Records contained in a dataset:
====================
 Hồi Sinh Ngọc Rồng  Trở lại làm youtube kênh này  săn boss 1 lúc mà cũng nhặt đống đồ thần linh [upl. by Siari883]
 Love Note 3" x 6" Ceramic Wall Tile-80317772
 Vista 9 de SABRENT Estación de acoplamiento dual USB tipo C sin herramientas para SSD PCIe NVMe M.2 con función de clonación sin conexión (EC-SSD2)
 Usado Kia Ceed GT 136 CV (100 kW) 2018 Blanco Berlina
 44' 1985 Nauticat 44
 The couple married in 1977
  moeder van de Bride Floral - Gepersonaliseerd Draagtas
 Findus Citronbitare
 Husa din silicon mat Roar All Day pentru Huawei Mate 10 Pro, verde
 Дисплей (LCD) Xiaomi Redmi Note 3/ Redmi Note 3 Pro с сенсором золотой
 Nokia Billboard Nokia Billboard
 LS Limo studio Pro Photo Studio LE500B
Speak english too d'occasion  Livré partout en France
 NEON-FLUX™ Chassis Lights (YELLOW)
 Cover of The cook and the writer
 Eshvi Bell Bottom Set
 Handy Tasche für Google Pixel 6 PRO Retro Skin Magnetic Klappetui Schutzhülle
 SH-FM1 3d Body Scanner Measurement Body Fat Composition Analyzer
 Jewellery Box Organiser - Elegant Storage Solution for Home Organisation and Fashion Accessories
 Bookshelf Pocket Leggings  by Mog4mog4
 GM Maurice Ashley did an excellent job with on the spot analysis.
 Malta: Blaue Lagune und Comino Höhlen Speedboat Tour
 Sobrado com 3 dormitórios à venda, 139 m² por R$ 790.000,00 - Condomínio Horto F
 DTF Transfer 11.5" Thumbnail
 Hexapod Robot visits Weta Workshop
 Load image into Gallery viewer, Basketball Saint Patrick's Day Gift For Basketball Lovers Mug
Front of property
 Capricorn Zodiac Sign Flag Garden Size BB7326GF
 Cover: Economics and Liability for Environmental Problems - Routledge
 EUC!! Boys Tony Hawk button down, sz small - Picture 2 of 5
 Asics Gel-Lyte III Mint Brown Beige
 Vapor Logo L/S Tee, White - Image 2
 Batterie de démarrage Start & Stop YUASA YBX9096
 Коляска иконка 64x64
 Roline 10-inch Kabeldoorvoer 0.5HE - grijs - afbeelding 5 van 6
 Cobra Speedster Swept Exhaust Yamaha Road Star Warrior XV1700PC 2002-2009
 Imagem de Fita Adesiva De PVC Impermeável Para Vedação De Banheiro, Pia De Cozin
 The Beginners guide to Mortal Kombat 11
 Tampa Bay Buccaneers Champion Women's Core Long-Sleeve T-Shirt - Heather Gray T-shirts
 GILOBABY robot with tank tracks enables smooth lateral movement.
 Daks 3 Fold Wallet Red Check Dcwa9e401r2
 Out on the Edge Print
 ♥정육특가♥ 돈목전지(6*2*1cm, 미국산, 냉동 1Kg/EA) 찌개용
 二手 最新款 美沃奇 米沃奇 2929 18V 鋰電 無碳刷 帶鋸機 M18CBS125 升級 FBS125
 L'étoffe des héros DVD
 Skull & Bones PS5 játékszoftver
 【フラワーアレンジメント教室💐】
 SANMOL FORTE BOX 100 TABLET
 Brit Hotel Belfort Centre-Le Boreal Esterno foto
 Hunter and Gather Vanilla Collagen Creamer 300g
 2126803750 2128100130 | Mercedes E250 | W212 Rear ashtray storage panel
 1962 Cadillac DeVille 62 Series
====================
[TASK OBJECTIVE]
Now write the data shown above out again, word for word.

[THE COMPLETED TASK]
 Hồi Sinh Ngọc Rồng  Trở lại làm youtube kênh này  săn boss 1 lúc mà cũng nhặt đống đồ thần linh [upl. by Siari883]
 Love Note 3" x 6" Ceramic Wall Tile-80317772
 Vista 9 de SABRENT Estación de acoplamiento dual USB tipo C sin herramientas para SSD PCIe NVMe M.2 con función de clonación sin conexión (EC-SSD2)
 Usado Kia Ceed GT 136 CV (100 kW) 2018 Blanco Berlina
 44' 1985 Nauticat 44
 The couple married in 1977
  moeder van de Bride Floral - Gepersonaliseerd Draagtas
 Findus Citronbitare
 Husa din silicon mat Roar All Day pentru Huawei Mate 10 Pro, verde
 Дисплей (LCD) Xiaomi Redmi Note 3/ Redmi Note 3 Pro с сенсором золотой
 Nokia Billboard Nokia Billboard
 LS Limo studio Pro Photo Studio LE500B
Speak english too d'occasion  Livré partout en France
 NEON-FLUX™ Chassis Lights (YELLOW)
 Cover of The cook and the writer
 Eshvi Bell Bottom Set
 Handy Tasche für Google Pixel 6 PRO Retro Skin Magnetic Klappetui Schutzhülle
 SH-FM1 3d Body Scanner Measurement Body Fat Composition Analyzer
 Jewellery Box Organiser - Elegant Storage Solution for Home Organisation and Fashion Accessories
 Bookshelf Pocket Leggings  by Mog4mog4
 GM Maurice Ashley did an excellent job with on the spot analysis.
 Malta: Blaue Lagune und Comino Höhlen Speedboat Tour
 Sobrado com 3 dormitórios à venda, 139 m² por R$ 790.000,00 - Condomínio Horto F
 DTF Transfer 11.5" Thumbnail
 Hexapod Robot visits Weta Workshop
 Load image into Gallery viewer, Basketball Saint Patrick's Day Gift For Basketball Lovers Mug
Front of property
 Capricorn Zodiac Sign Flag Garden Size BB7326GF
 Cover: Economics and Liability for Environmental Problems - Routledge
 EUC!! Boys Tony Hawk button down, sz small - Picture 2 of 5
 Asics Gel-Lyte III Mint Brown Beige
 Vapor Logo L/S Tee, White - Image 2
 Batterie de démarrage Start & Stop YUASA YBX9096
 Коляска иконка 64x64
 Roline 10-inch Kabeldoorvoer 0.5HE - grijs - afbeelding 5 van 6
 Cobra Speedster Swept Exhaust Yamaha Road Star Warrior XV1700PC 2002-2009
 Imagem de Fita Adesiva De PVC Impermeável Para Vedação De Banheiro, Pia De Cozin
 The Beginners guide to Mortal Kombat 11
 Tampa Bay Buccaneers Champion Women's Core Long-Sleeve T-Shirt - Heather Gray T-shirts
 GILOBABY robot with tank tracks enables smooth lateral movement.
 Daks 3 Fold Wallet Red Check Dcwa9e401r2
 Out on the Edge Print
 ♥정육특가♥ 돈목전지(6*2*1cm, 미국산, 냉동 1Kg/EA) 찌개용
 二手 最新款 美沃奇 米沃奇 2929 18V 鋰電 無碳刷 帶鋸機 M18CBS125 升級 FBS125
 L'étoffe des héros DVD
 Skull & Bones PS5 játékszoftver
 【フラワーアレンジメント教室💐】
 SANMOL FORTE BOX 100 TABLET
 Brit Hotel Belfort Centre-Le Boreal Esterno foto
 Hunter and Gather Vanilla Collagen Creamer 300g
 2126803750 2128100130 | Mercedes E250 | W212 Rear ashtray storage panel
 1962 Cadillac DeVille 62 Series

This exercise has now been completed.